We conclude that the g ounds of the demurrer which we have discussed were well taken, and the court correctly held the petition defective. The other objections raised by the demurrer need not be discussed.

Judgment affirmed.

HONOR V. ALBRIGHTON.

(93 Pennsylvania State, 475. Supreme Court, 1880.)

Statute construed-Fellow servant's contributory negligence. A lad about thirteen years old was employed as a slate picker in a coal breaker. Another lad who was attending the machinery called to him to bring him the oil can; he left his post, and in taking the can fell into a pair of rollers breaking coal where he was severely injured. It appeared that the rollers were covered with a box upon the top of which was an opening covered by a plank, which was displaced at the time of the accident, and was so often before with the knowledge of the injured boy; Held, that the provision in the act of March 3, 1870, that all machinery where boys work shall be properly “fenced off" was intended to mean properly protected, and that in providing this cover for the rollers the employer did his whole duty under the act Held, further, that if the cover was unnecessarily removed without the fault or knowledge of the employer, through the negligence of one of the employes, there could be no recovery according to well settled. principles. Held, further, that the conduct of the boy presented a case of contributory negligence.

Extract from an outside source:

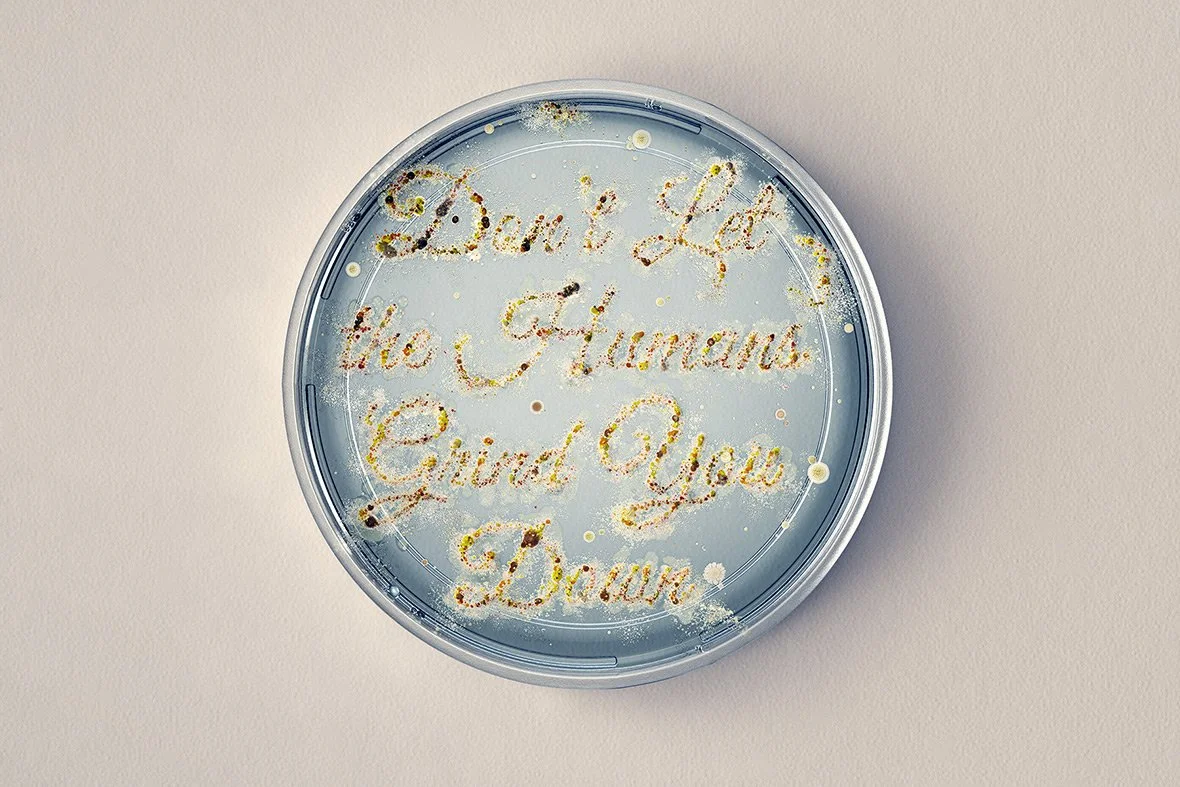 A petri dish with the quote 'Learn Less, The Humans, Grind You Down' written in mold or bacteria.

Error to the Common Pleas of Luzerne.

Case, by John Honor against John Albrighton and others, doing business as Albrighton, Roberts & Co., to recover damages for injuries to the minor son of the plaintiff, alleged to have been caused by the negligence of defendants.

It appeared at the trial that Edward Honor, the minor son of the plaintiff, was in 1871 employed at the defendant's coal breaker at Plymouth, Luzerne county, as a slate picker. In breaking coal it is passed through rollers and broken into the various sizes required for use, and after being broken it is shot down chutes to storing places, whence it is loaded into the cars. Boys stand by the sides of the chutes, and, as the coal passes by, pick out the slate therefrom. This was the daily employment of young Honor, and while thus engaged, on the 15th of September, 1871, at the lower portion of the breaker, there was just above him a pair of rollers called the "monkey-rollers." His place as a slate picker was about twenty feet below these rollers, and did not in any way expose him to danger from them. The lad, who was about thirteen years old, was engaged at his usual work, when a boy named Hobbs, who was attending the machinery above, called to him loudly to bring him the oil can, which was by the stove near Edward to be kept warm. The latter seized the can and ran up rapidly toward Hobbs, when, just before he reached him, he stepped into the monkey-rollers and his leg was caught and crushed by them.

The opening over the small rolls was six inches wide, and two feet eight and a half inches long; this opening was secured with a plank fitting into the opening, and which could not be removed except by lifting it up. When the plank was down there was entire security against any danger from the rolls. The plank was intended to be removed if the rolls became choked, for the purpose of clearing them out. The plank was displaced at the time of the accident, as it frequently had been before, to the boy's knowledge.

The act of March 3, 1870, Pamph. L. 3, making provision for the health and safety of persons employed about coal mines, enacts in the 13th section that "all machinery in and about the mines, and especially in the coal breakers, where boys work, shall be properly fenced off," and the 24th section provides: "That for any injury to person or property occasioned by any violation of this act, or any willful failure to comply with its provisions by any owner, lessee or operator of any coal mine or opening, a right of action shall accrue to the party injured for any direct damages he may have sustained thereby, etc."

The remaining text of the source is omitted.